In Namibia, the majority of the population resides in rural areas and women constitute 52 percent of the rural population. They contribute enormously to agricultural production.

They head 39 percent of all households with 43 percent in rural areas and 32 percent in urban areas.

She disclosed that 17 years after independence, the formal sector is still dominated by men and most better paying jobs with the latest technologies are occupied by men.

Women on the other hand dominate the informal sector and yet their work is not recognised and calculated in the Gross Domestic Product.

She said government has put in place policies that outlaw all discriminatory practices.

However, Director of Women’s Solidarity Namibia Rosa Namises says the laws passed to protect women are just on paper and thus have little effect in changing the status quo.

Women in the country are still trapped in the same oppressive and discriminatory state for years.

“Namibia’s women’s movement is more than 20 years old and we have begged, pleaded and screamed for the same things all these years but not many of our calls have been heeded,” she said.

While there are some women who have managed to secure high positions especially at the political level, they are also trapped in a system where patriarchy and the male paradigm of power manifests itself in the way they think and act.

According to Namises, the women in leadership positions do not represent the concerns of marginalised women in the country.

She feels that “those entrusted to combat violence against women and children are under-resourced and overworked”.

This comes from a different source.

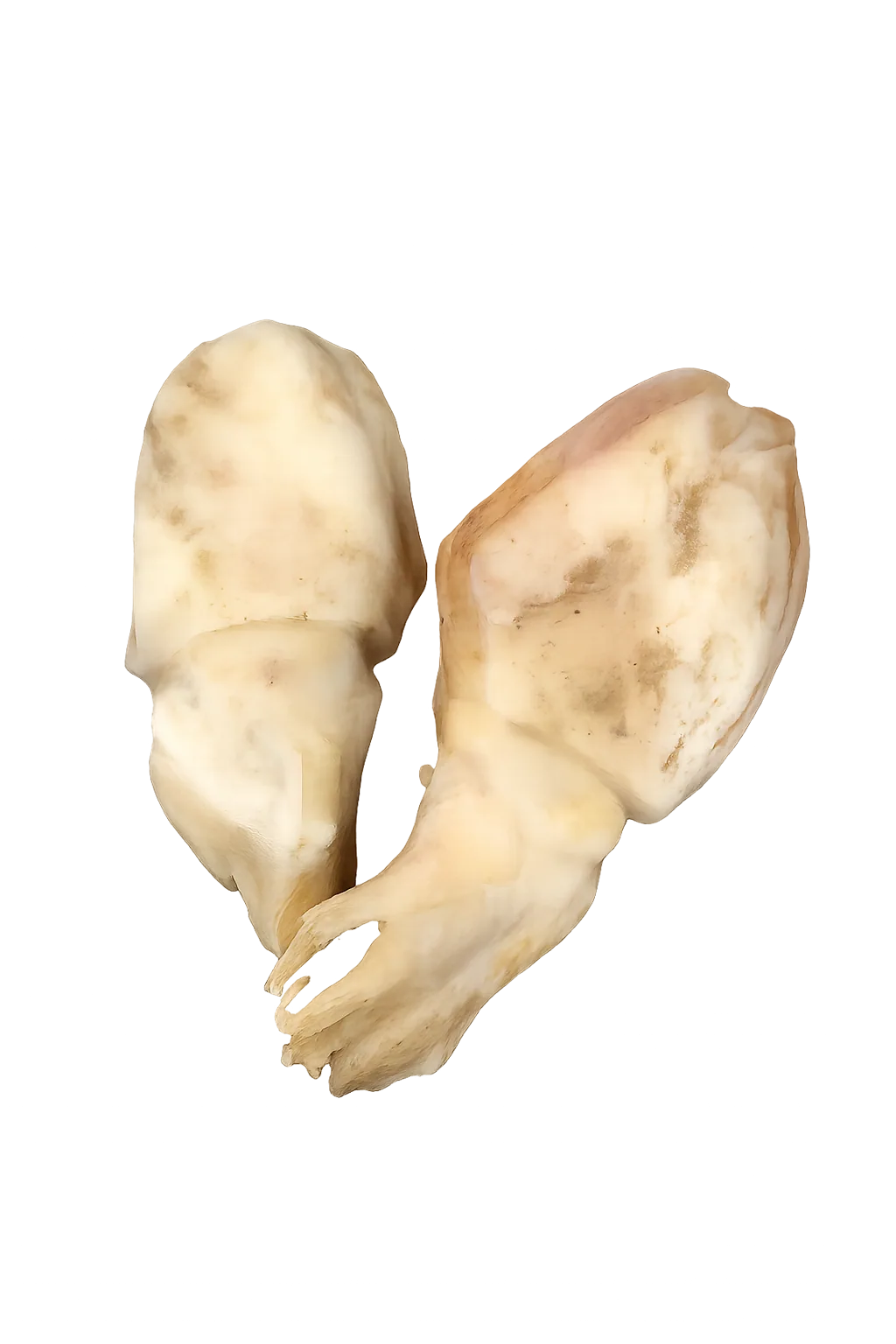 Imagen de Chocos sin limpiar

Further, the national budget continues to ignore the increasing feminisation of poverty and the impact of HIV/AIDS on women and communities at large.
She called on Government to support 365 Days of Activism Campaign and not only the 16-Day Campaign of Activism on Gender-Based Violence.

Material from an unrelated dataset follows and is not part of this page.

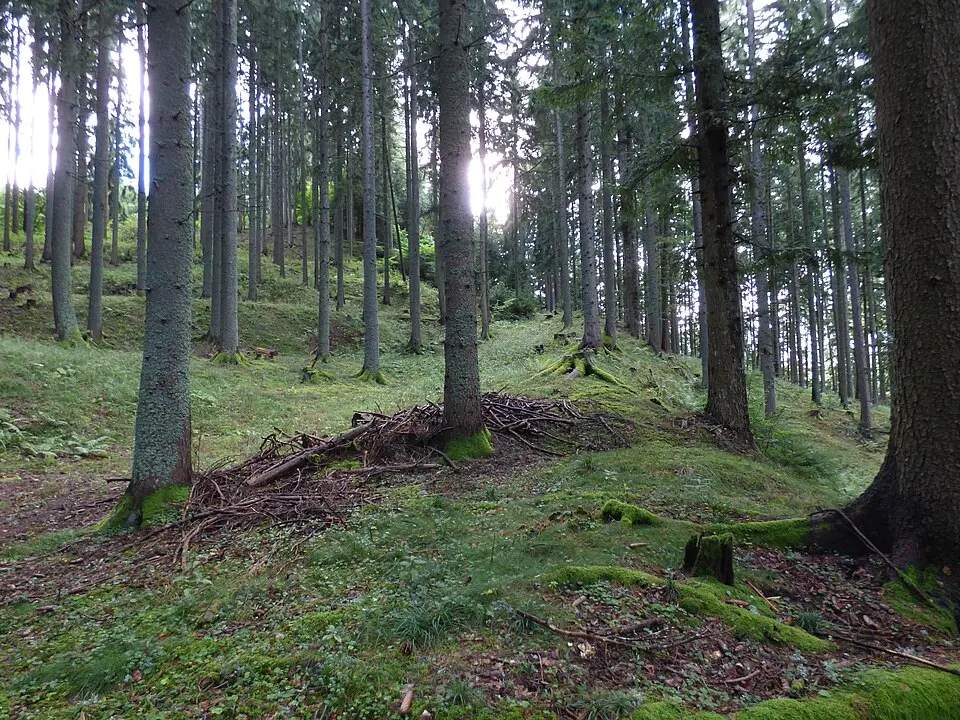 Römische Stadt auf dem Magdalensberg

“What impact does two weeks of awareness make? Government is a critical partner in ensuring that the women and children of this country experience the peaceful and stable country that we are prided for,”
she said.

While Government says it has made efforts aimed at modernising discriminatory laws and galvanising women’s participation, gender equality experts have argued that these can be frustrated by the deep-rooted cultural barriers that so often run in parallel with poverty.

It is such cultural traditions that create the most stubborn obstacle to the essential steps towards women’s equality.

Kuugongelwa-Amadhila acknowledged that gender-based violence, women in poverty and women’s lack of access to social and economic resources are a result of gender inequalities and patriarchy.

She urged all Namibian women to support each other for them to succeed in life.

The main event for this year’s International Women’s Day was held at Zoo Park with a gala dinner in honour of women of substance.